**About this exercise**
Drop every image, then reproduce the data exactly as given.

**Input data**
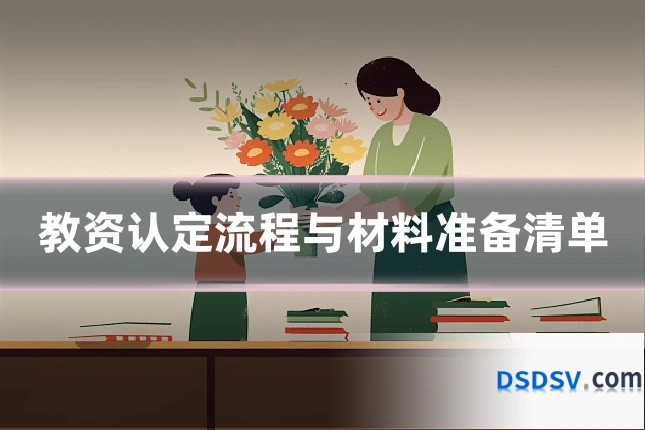 教资认定流程与材料准备清单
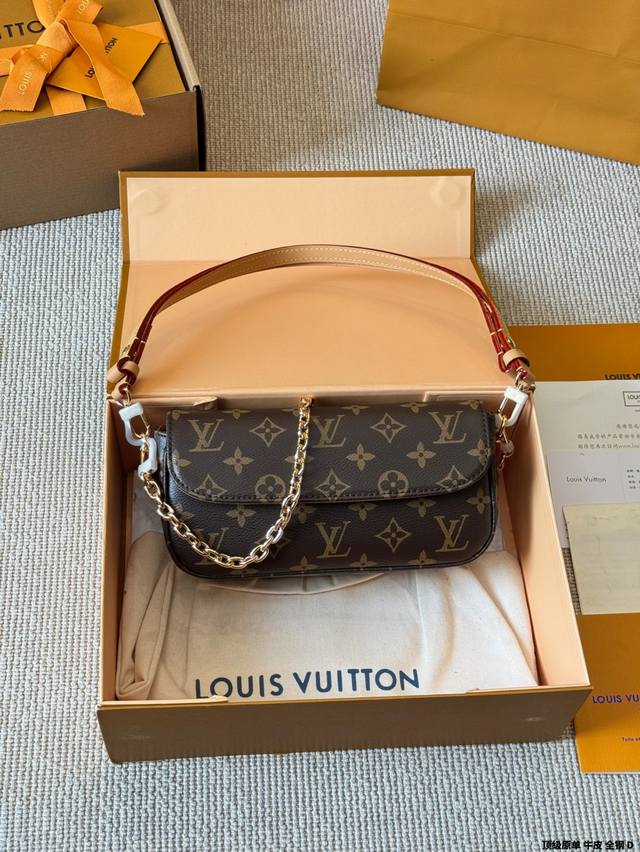 Top grade original cowhide full steel 2025 new Lv Louis Vuitton Wallet On Chain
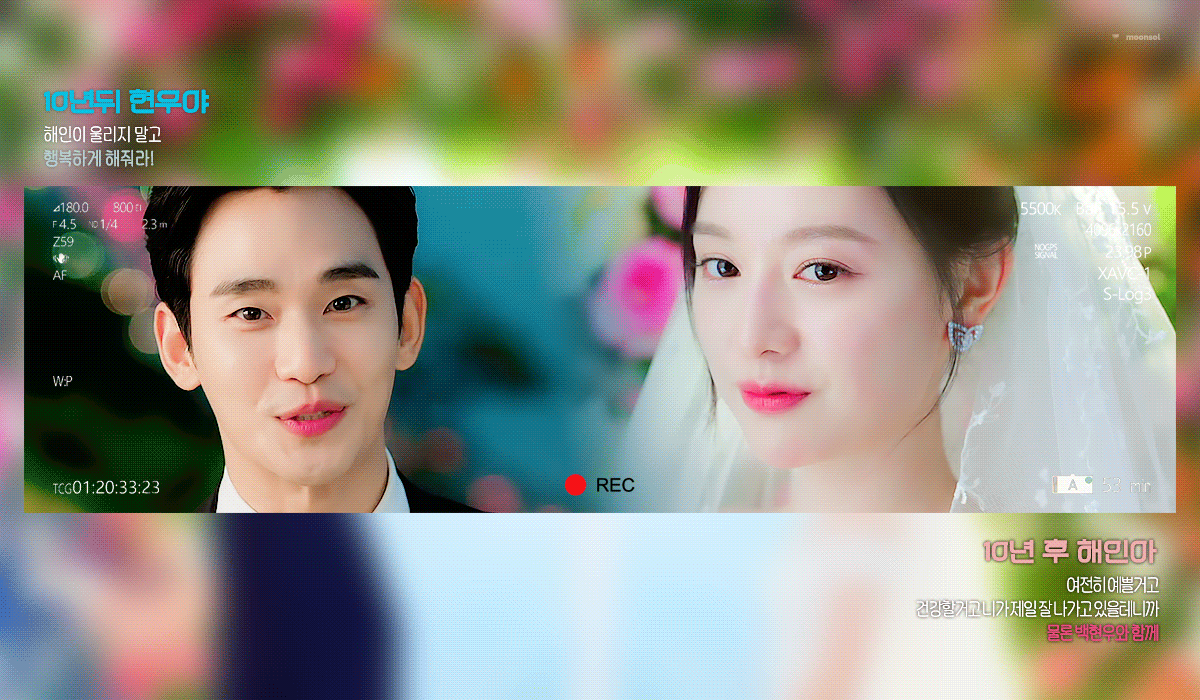 [잡담] 김수현 김지원 키스씬.gif | 인스티즈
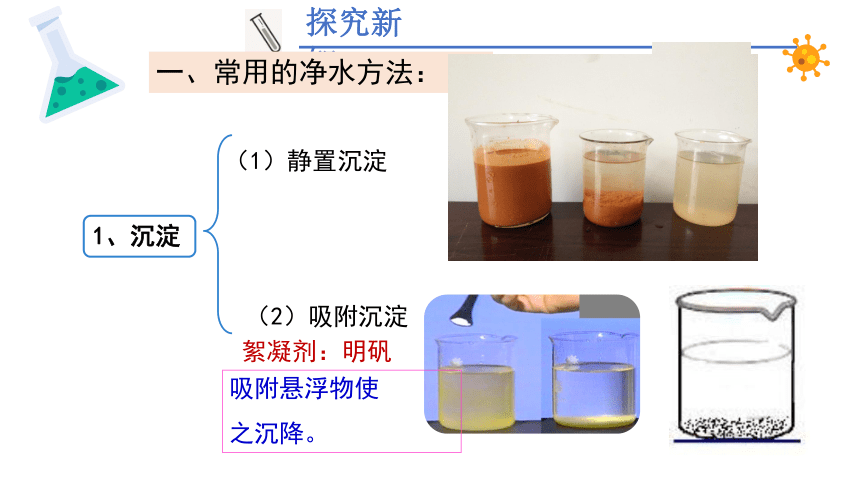 4.2 水的净化 第1课时(共23张PPT内嵌视频) -2023-2024学年九年级化学上册同步课件（人教版）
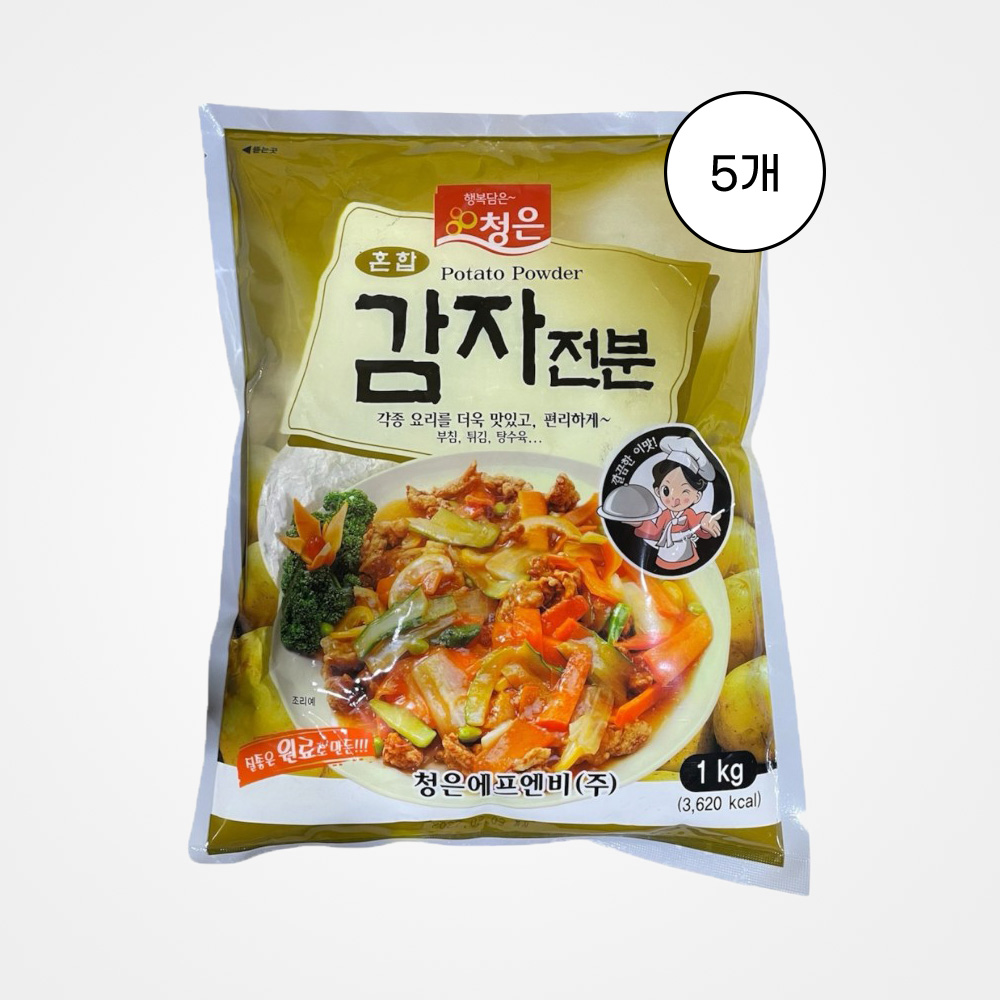 [청은] 혼합감자전분 20% 1kg, 5개 37,800원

**Answer to this task**
 教资认定流程与材料准备清单
 Top grade original cowhide full steel 2025 new Lv Louis Vuitton Wallet On Chain
 [잡담] 김수현 김지원 키스씬.gif | 인스티즈
 4.2 水的净化 第1课时(共23张PPT内嵌视频) -2023-2024学年九年级化学上册同步课件（人教版）
 [청은] 혼합감자전분 20% 1kg, 5개 37,800원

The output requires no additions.